Sets were designed by Taff Batley. Batley scouted production locations in Hungary, due to the expense a production the size of The Palace would have if filmed in the UK. A site was eventually found near the dock in Vilnius, Lithuania. Exterior sets of Buckingham Palace were scaled down from their true counterparts because of the length of time full-sized replicas would take to create; the scale sets alone took ten weeks to build. Red gravel for the palace courtyard was mimicked using clay that was bound for a new tennis court under construction nearby. Interior sets were built in an ice skating rink on the other side of the city. They used plasterboard instead of the lighter, cheaper plywood that would have been used on a British-based set. Batley referred to documentary footage to find a basis for his designs of bedrooms and other private areas of the palace that would otherwise not be available for public viewing. The first block of four episodes was directed by Metin Hüseyin and the second by Maurice Phillips.

==Reception==
Prior to the broadcast of the series the pressure group Mediawatch UK called it "tawdry and offensive", suggesting that viewers would confuse the scripted television characters with the real British royal family. Lord St John of Fawsley called it "very near to the bone" and Penny Junor, the biographer of Charles, Prince of Wales, suggested ITV is exploiting the royal family by presenting fiction as fact. The Guardian previewed it as one of the top 50 shows (including film, theatre and television) to watch over the Christmas period.

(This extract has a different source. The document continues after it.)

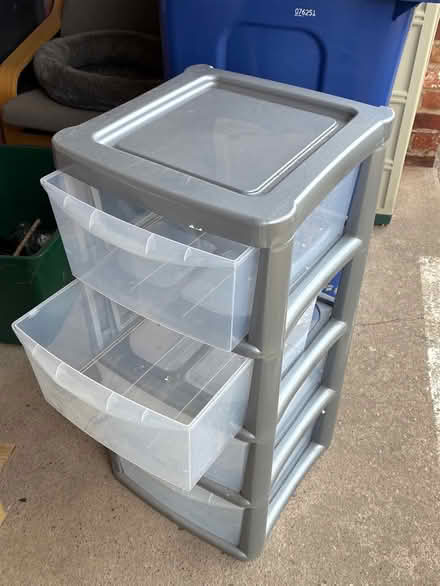 Photo of free Grey set of plastic drawers. (Bessacarr DN4) #1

After the first episode aired, Nancy Banks-Smith said in The Guardian that The Palace "is the TV equivalent of balloon modelling. It feels like being shot to death with popcorn." She also said that "I never fail to be amazed when decent actors - Walter, Marsden, Cranitch, Shrapnel - bob up in tosh like this." Andrew Billen said in The Times "I am delighted that, as with The Palace, the channel is setting before us something other than a grim regional detective or a comedy drama about suburban adultery. The Palace inhabits an incredible world all of its own. In that respect it is believable: the real palace undoubtedly does, too." James Walton for The Daily Telegraph wrote that for "sheer weirdness" there "was no match at all for The Palace". Keith Watson wrote in the Metro said that The Palace "pitched itself just right, its tongue-in-cheek study of a faction-riven upstairs clan contrasting with the bitching and backbiting of the downstairs footmen." He concluded his review by saying "Much of The Palace may be playing for laughs but it promises a sting in its blue-blooded tale".

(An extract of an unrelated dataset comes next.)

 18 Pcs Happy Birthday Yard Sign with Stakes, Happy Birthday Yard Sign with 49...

The day after the series ended, Watson wrote "I know I'm in a minority here, but I shall miss the Dynasty-style antics of King Rich and his nemesis Princess Eleanor, with Rupert Evans and Sophie Winkleman top hole as scheming royal siblings." Rupert Evans played a very convincing, young King, with all the right flares. Watson called the series a victim of "ITV1’s ratings-crazy drama cull", referring to its impending cancellation.

In April 2008, ITV announced that The Palace would not be renewed for a second series, due to low viewing figures. The last episode had been watched by 3.1 million people.

==DVD release==
The Palace was released on DVD in the UK (Region 2) on 17 March 2008.

==Notes==

Ratings for these episodes fell below the Top 30 most-viewed programmes; BARB does not publicly release these figures.